Each social media platform plays by its own rules. There are only so many characters you can tweet, Pinterest is all about photos, the Facebook algorithm will choose who sees your posts if you don’t promote them and YouTube requires investment in video. These can be challenges or opportunities to find creative ways to achieve your goals.
Twitter: Don’t let limited characters limit your imagination. Remember: You can always include a link to more robust information, as long as it’s relevant to what initially captured the supporter’s attention. Say you tweet about your Thanksgiving meals campaign — the linked page should reinforce the message and have a Twitter feed built in showing others engaging as well as a scoreboard showing how much has been raised.
Facebook: Adapt your best practices. The frequency with which Facebook changes not only its layout but the “rules of the game” frustrates some folks. So arm yourself with information about what’s working. What are your most liked posts? What time of day works best? Use that info to your advantage. When possible, embed a donation form or other engagement mechanism on your Facebook page directly and be strategic about pointing folks to it.
YouTube: Find ways to tap into emotion. There are some great guides out there on how to use YouTube annotations for fundraising. But what if you don’t have the resources to create videos? Look into crowd video creation sites like Videopixie.** Or ask your supporters/volunteers for help. Chances are, one of the thousands of amateur but professional-quality video makers/editors out there is on your file and would be happy to help. Nonprofessional video can be engaging, too; it’s all about tapping into emotion.
Pinterest: Keep your eyes open for opportunities. This medium is all about being visual. Do you have great campaign creative? Pin it! Does everyone on your file seem to react well to puppies? Pin a bunch of puppy photos and integrate the ask. Organizations are actively testing out what works on Pinterest.
Geolocation: Go where your donors are. Check-in networks life FourSquare can help leverage partnerships with sponsors. Check-in incentives abound, so talk to your sponsors about how this might work for you. For example, checking in and making a purchase over $50 could earn a discount coupon and a donation to your organization.
The social media universe is broad, and the ideas above are by no means comprehensive. The key to seeing real ROI is to plan, measure and evolve, while keeping in mind that as with other channels, the fundamental marketing truth is the same: relevant content is king.
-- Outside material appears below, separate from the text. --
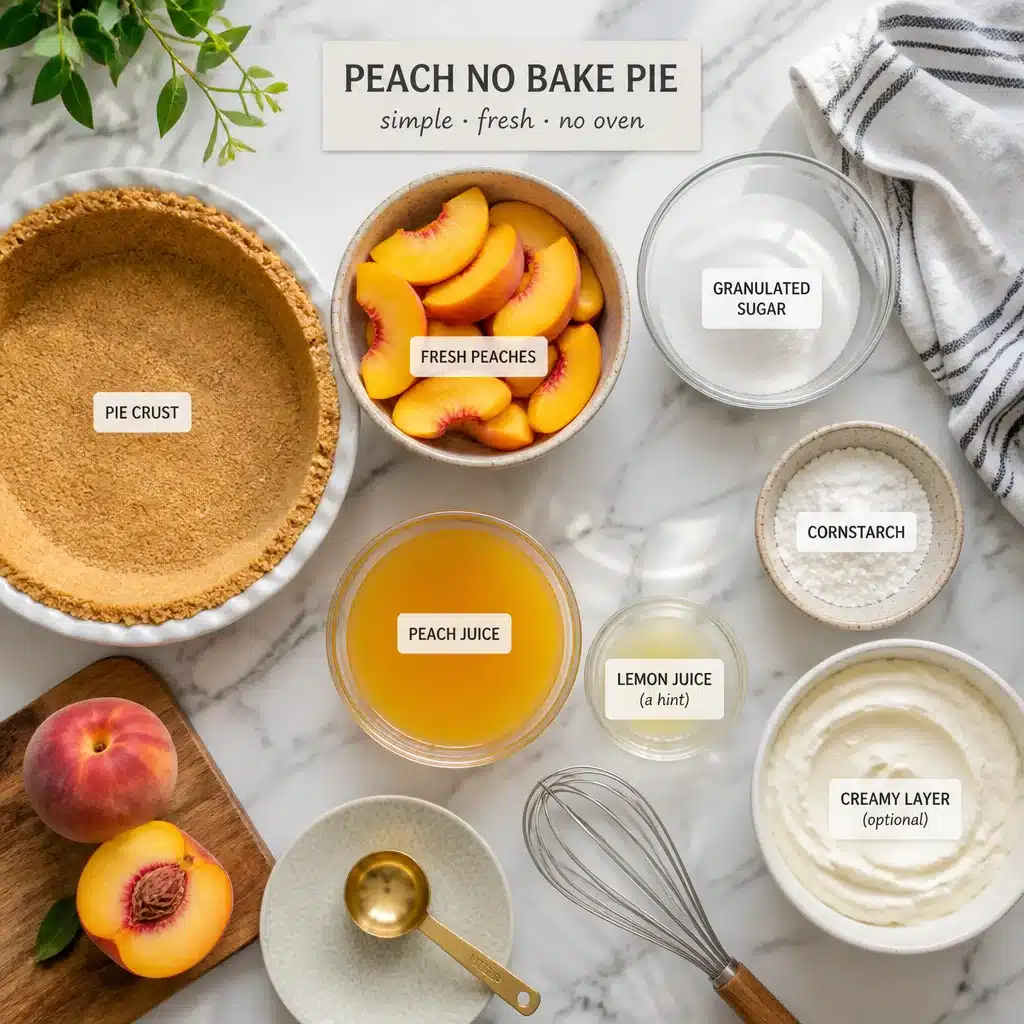 Deliciously Easy Homemade Peach No Bake Pie: A Vintage Delight 6 Deliciously Easy Homemade Peach No Bake Pie: A Vintage Delight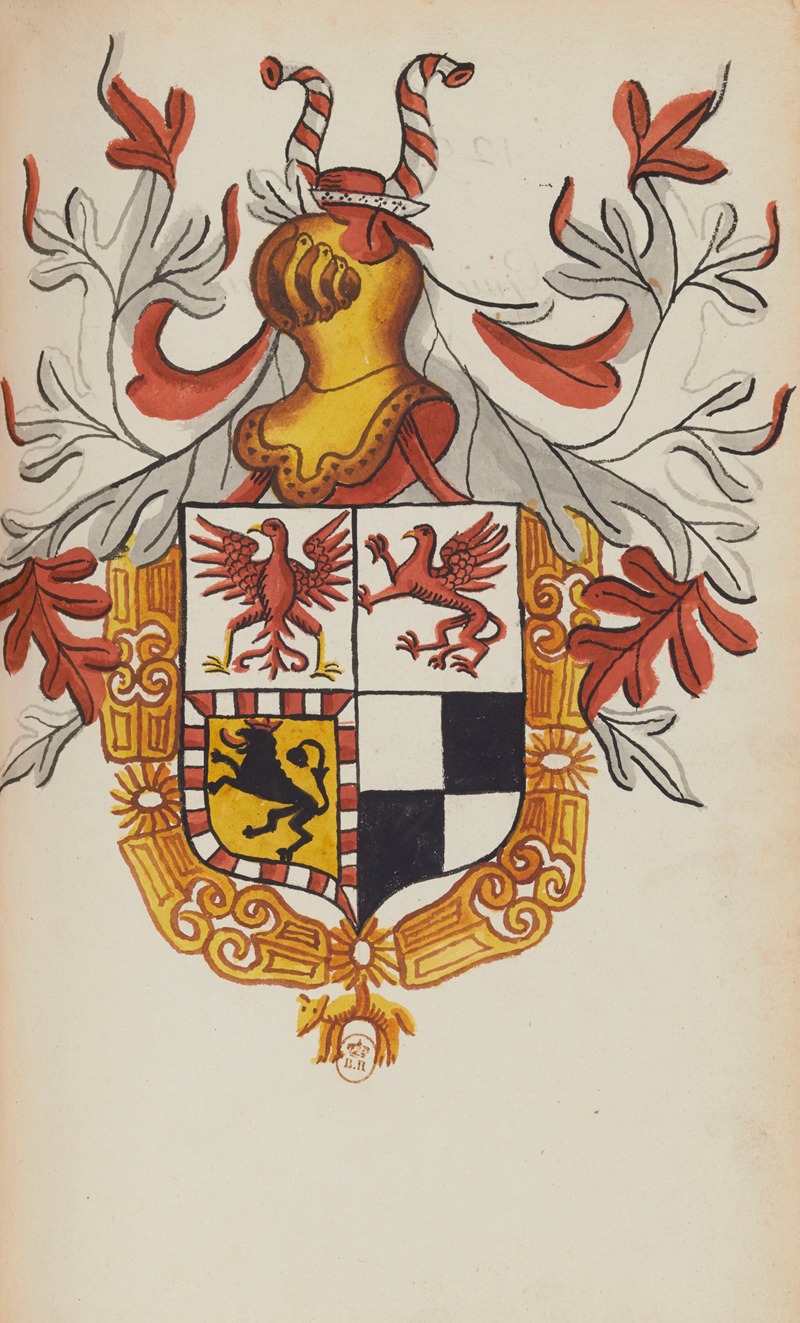 Anonymous - Messire Jean, Marquis de Brandembourg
In the next post in this series, we’ll examine how content (and other proven practices) can be leveraged to list-build via social media.
*There are some cases where short and sweet does work in direct mail and online, such as follow up emails to an active campaign or simple direct mail packages to donors who already know you well. But these are based on the legwork organizations have already put in to establish the story and need.
**Thank you to the Social Media for Nonprofits conference for pointing us toward this resource.